Sound Design and Score
Franz Waxman composed the score, the last of four film scores that he did for Hitchcock. The opening piece is very jazz-influenced and was designed to evoke the life and energy of Greenwich Village. Previous to Rear Window, Waxman had done the score for A Place in the Sun and decided to use a small piece of that score in Rear Window. The practice of re-using pieces from other sources was very common at the time, which is why Waxman also used part of the popular song "That's Amore" in one scene. Except for the music that plays over the opening credits, Hitchcock made the unusual decision to only use ambient sound in the movie. All the music, sound effects, and dialogue spoken by the neighbors was recorded on-set by microphones located in Jeff's apartment.

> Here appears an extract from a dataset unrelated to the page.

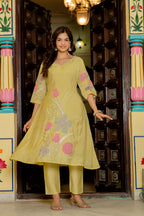 Light Green Embroidered Mul Chanderi Suit Set with Dupatta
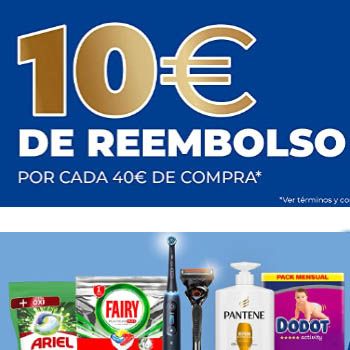 10 € de reembolso en Amazon por cada 40€ compra 2 en productos de P&G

Rear Window is one of the "Lost Hitchcock Five", along with Rope, Vertigo, The Man Who Knew Too Much andThe Trouble with Harry. Hitchcock had bought these five pictures back from the studio and gave them to his daughter, Patricia, as his legacy to her. Hitchcock had put the films in a vault and between that time and 1983, when restoration efforts began, the film had deteriorated badly. Most of the problems revolved around the color layers on the original 35mm camera negative. The yellow layer had deteriorated by as much as 90% on some reels and prints made from those reels turned out very green. Computer color restoration didn't exist at the time so restorers James Katz and Robert Harris had to work with Technicolor color labs to devise new printing and restoration techniques.